Adenodolichos rhomboideus

Scientific classification
- Kingdom: Plantae
- Clade: Tracheophytes
- Clade: Angiosperms
- Clade: Eudicots
- Clade: Rosids
- Order: Fabales
- Family: Fabaceae
- Subfamily: Faboideae
- Genus: Adenodolichos
- Species: A. rhomboideus
- Binomial name: Adenodolichos rhomboideus (O.Hoffm.) Harms
- Synonyms: Adenodolichos anchietae (Hiern) Harms ; Adenodolichos euryphyllus Harms ; Dolichos anchietae Hiern ; Dolichos rhomboideus O.Hoffm. ;

= Adenodolichos rhomboideus =

- Genus: Adenodolichos
- Species: rhomboideus
- Authority: (O.Hoffm.) Harms

Species of plant

Adenodolichos rhomboideus is a plant in the legume family Fabaceae, native to tropical Africa.

==Description==
Adenodolichos rhomboideus grows as a subshrub.

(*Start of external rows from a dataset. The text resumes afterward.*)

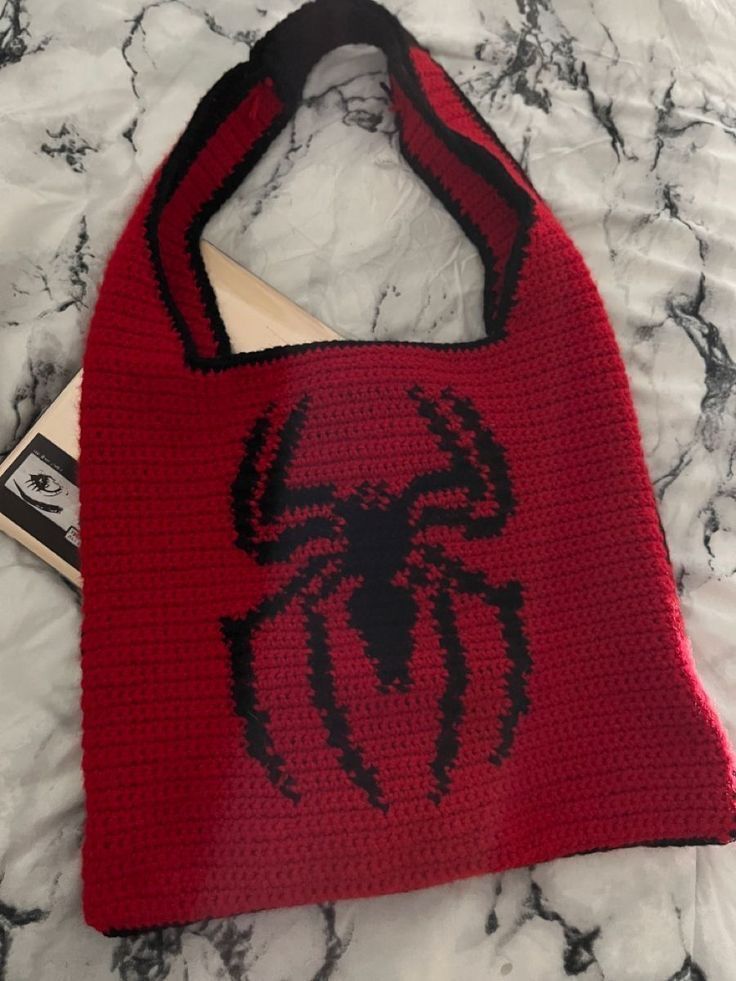 a red crocheted bag with a black spider logo on it sitting on a marble surface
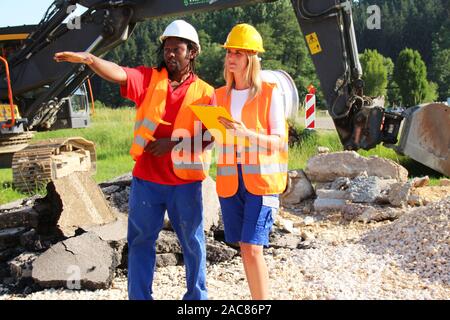 Male and Female construction workers analyzing plans on a construction site Stock Photo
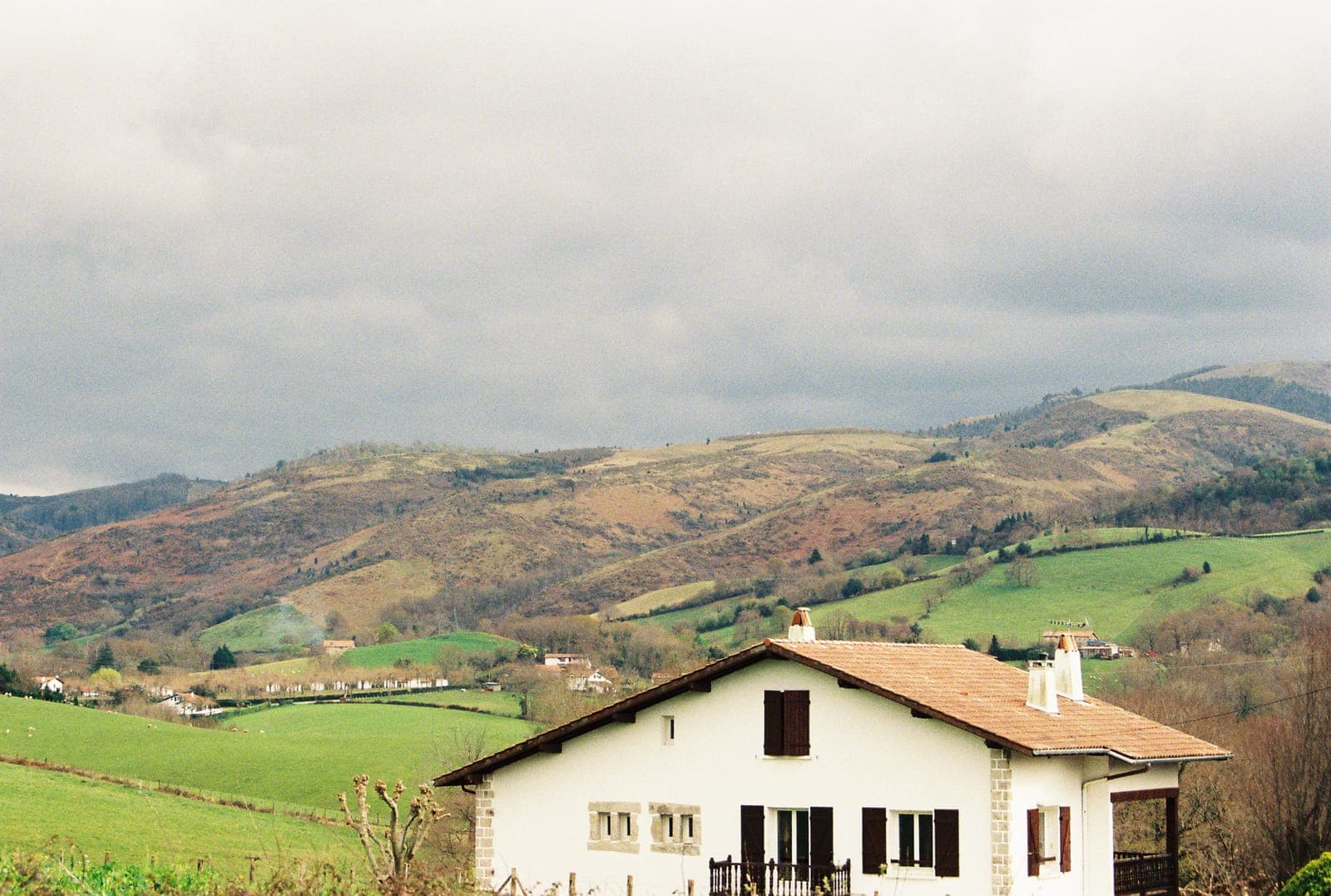 basque house with red shutters on a hillside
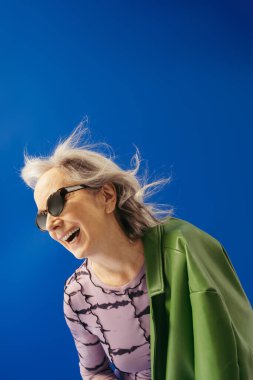 happy senior woman in trendy sunglasses and green leather jacket laughing against wind isolated on blue  clipart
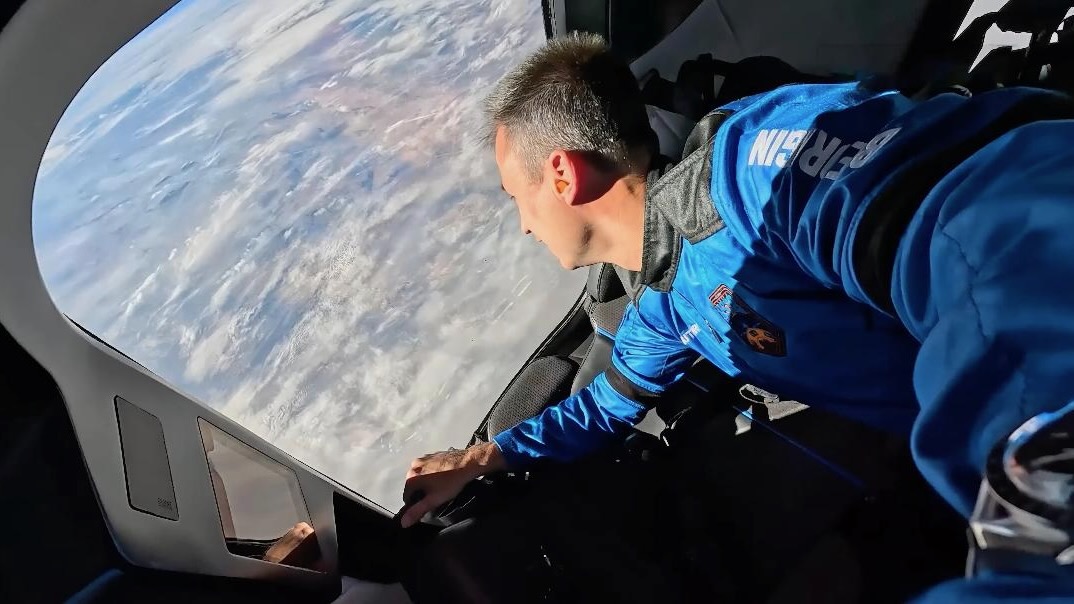 a male astronaut in a blue flight suit gazes out a large spacecraft window at earth below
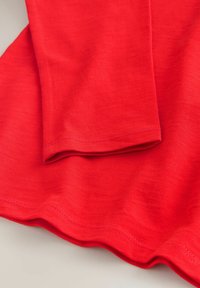 Tissu rouge avec des coutures visibles et des bords repliés sur une surface plane, montrant la texture et les détails de l'ourlet.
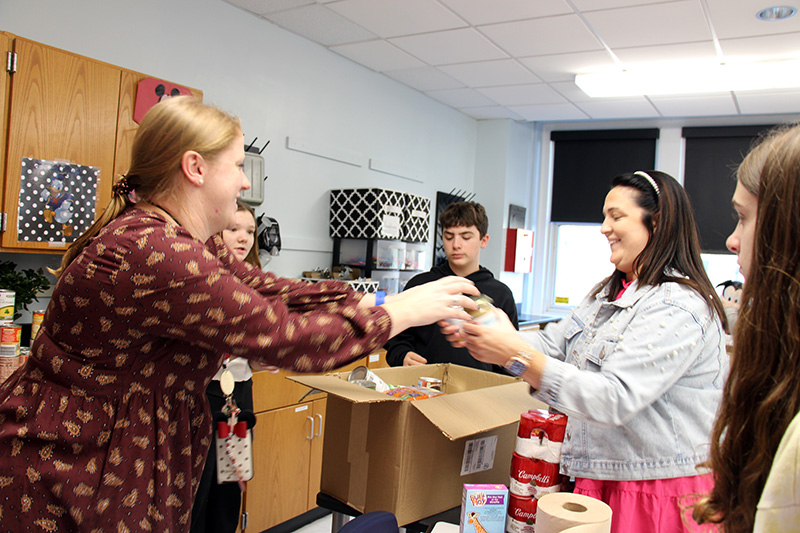 A woman with long blonde hair on the left hands canned food to another woman on the right, with longer dark hair.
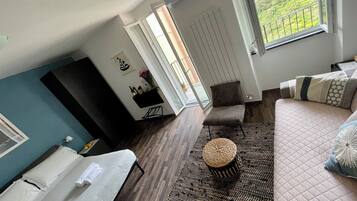 Un salon moderne avec un canapé, une table basse, un téléviseur et un balcon offrant une vue agréable.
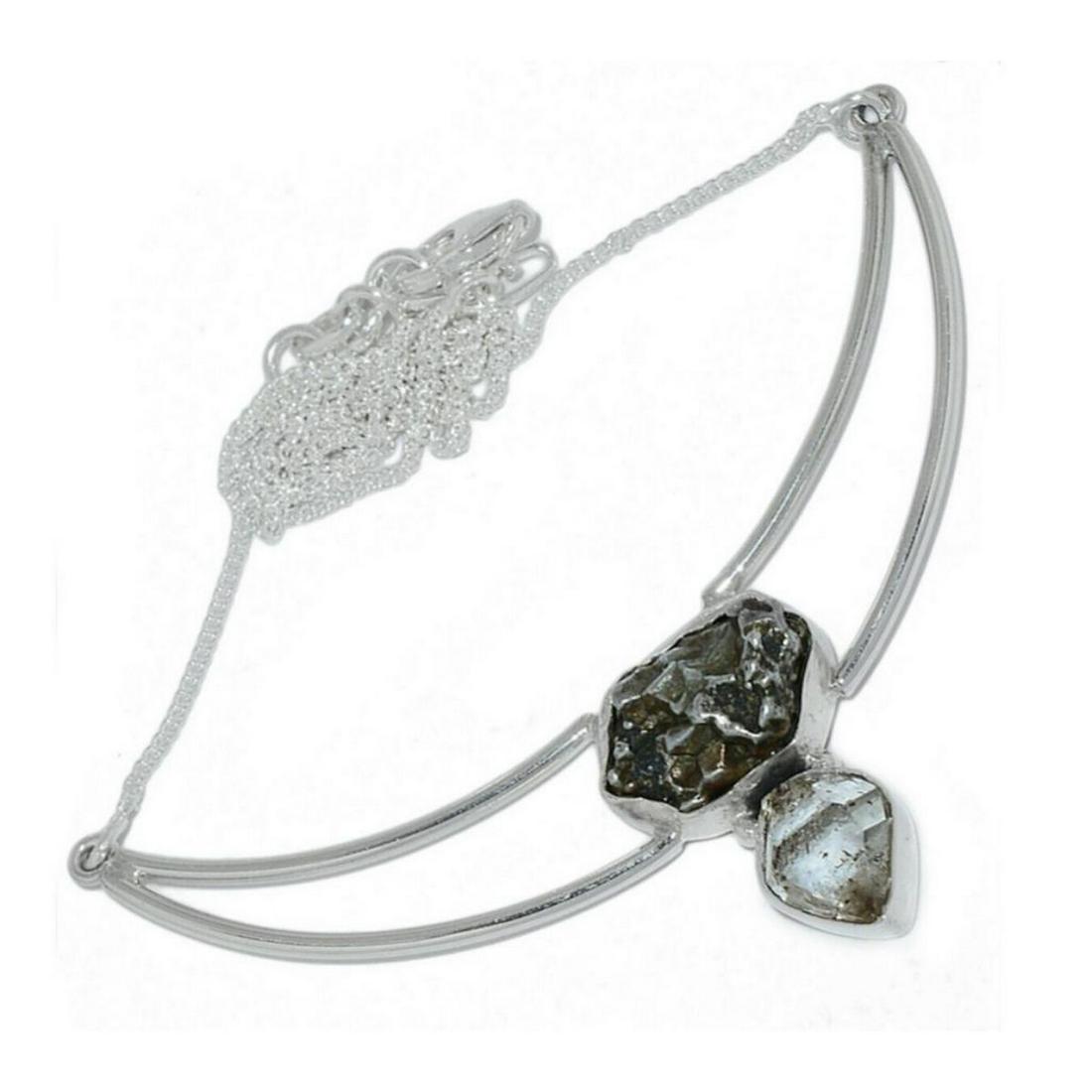 Meteorite Campo Del Cielo & Herkimer Diamond Sterling: Modern style sterling silver necklace set with 10x25mm meteorite stone ( Campo Del Cielo, Argentina origin ) along with a 9x11mm Herkimer diamond rough, 18" necklace. Stamped 925. 11.3 grams weight, g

The leaves consist of three ovate leaflets, measuring up to 16 cm long, puberulous above and pubescent below. Inflorescences are terminal, featuring crimson or purple flowers. The fruits are oblanceolate or falcate pods measuring up to 5.3 cm long.

==Distribution and habitat==
Adenodolichos rhomboideus is native to the Democratic Republic of the Congo, Angola, Zambia, Malawi and Mozambique. Its habitat is in woodland.